Segment Start: Data excerpts
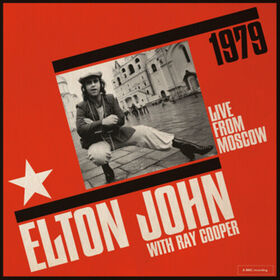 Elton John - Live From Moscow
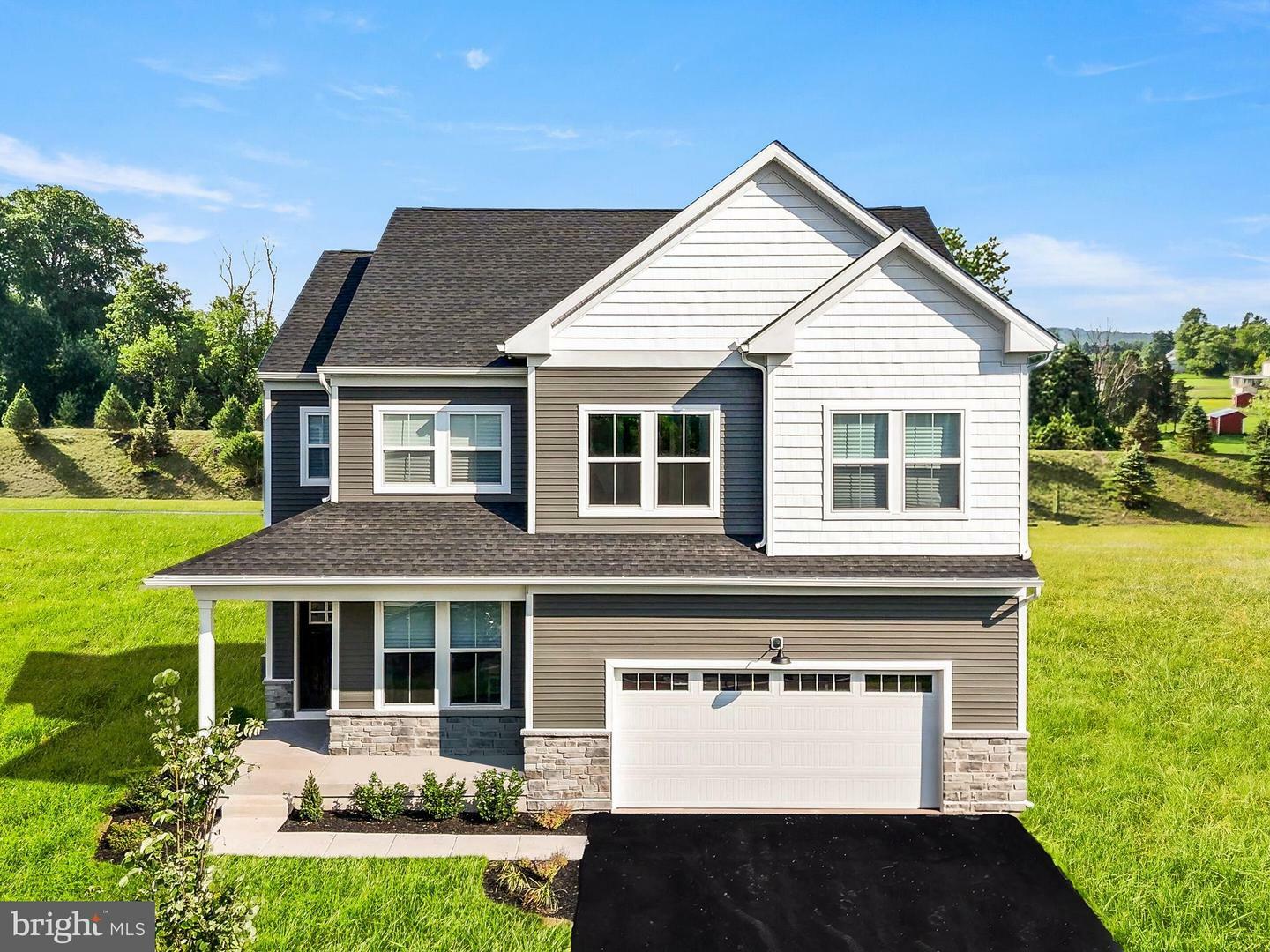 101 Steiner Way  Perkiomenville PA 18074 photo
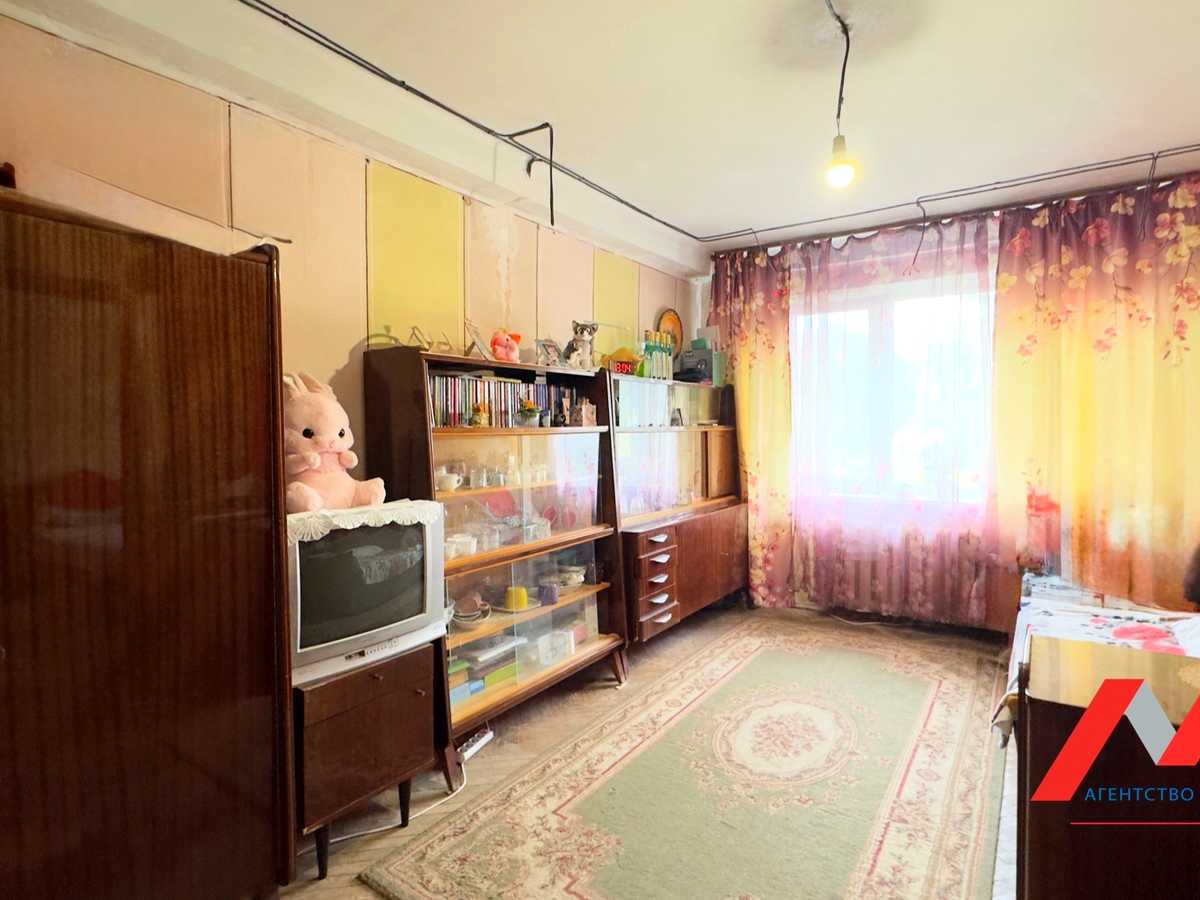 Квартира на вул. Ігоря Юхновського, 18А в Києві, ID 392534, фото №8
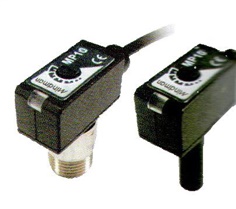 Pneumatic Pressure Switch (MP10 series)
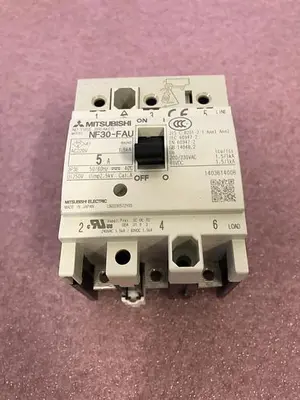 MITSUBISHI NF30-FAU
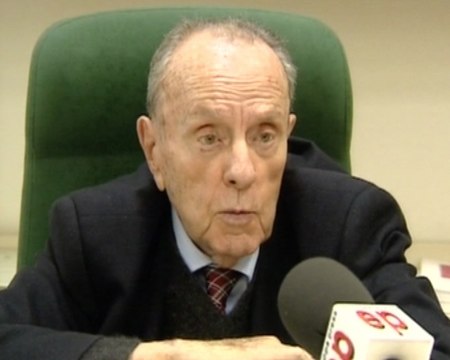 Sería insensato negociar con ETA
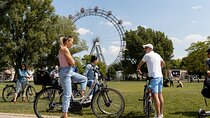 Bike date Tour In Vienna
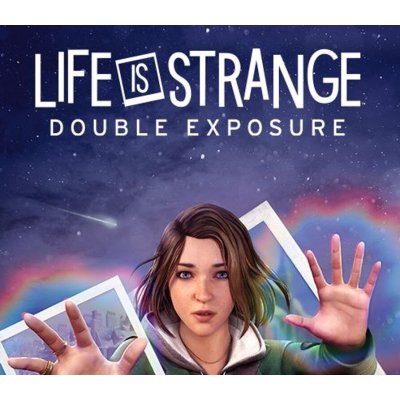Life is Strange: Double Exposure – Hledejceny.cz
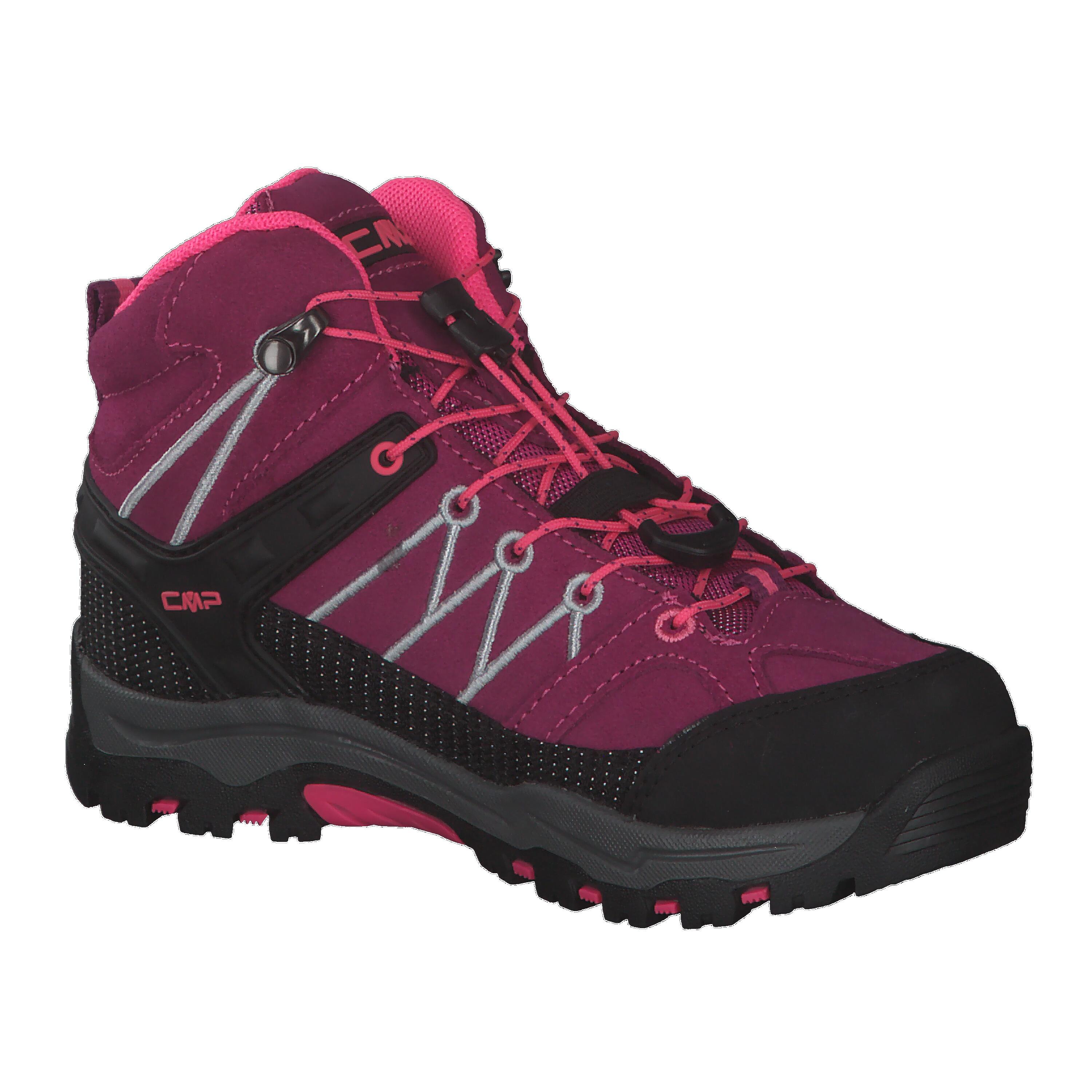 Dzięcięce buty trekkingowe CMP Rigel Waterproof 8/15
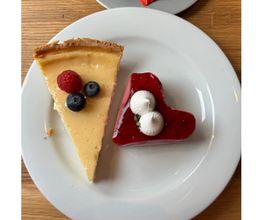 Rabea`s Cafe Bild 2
Segment End: Data excerpts
→ Task instructions
Return the lines above exactly; the images are not part of the copy.

→ Solution to the exercise
 Elton John - Live From Moscow
 101 Steiner Way  Perkiomenville PA 18074 photo
 Квартира на вул. Ігоря Юхновського, 18А в Києві, ID 392534, фото №8
 Pneumatic Pressure Switch (MP10 series)
 MITSUBISHI NF30-FAU
 Sería insensato negociar con ETA
 Bike date Tour In Vienna
Life is Strange: Double Exposure – Hledejceny.cz
 Dzięcięce buty trekkingowe CMP Rigel Waterproof 8/15
 Rabea`s Cafe Bild 2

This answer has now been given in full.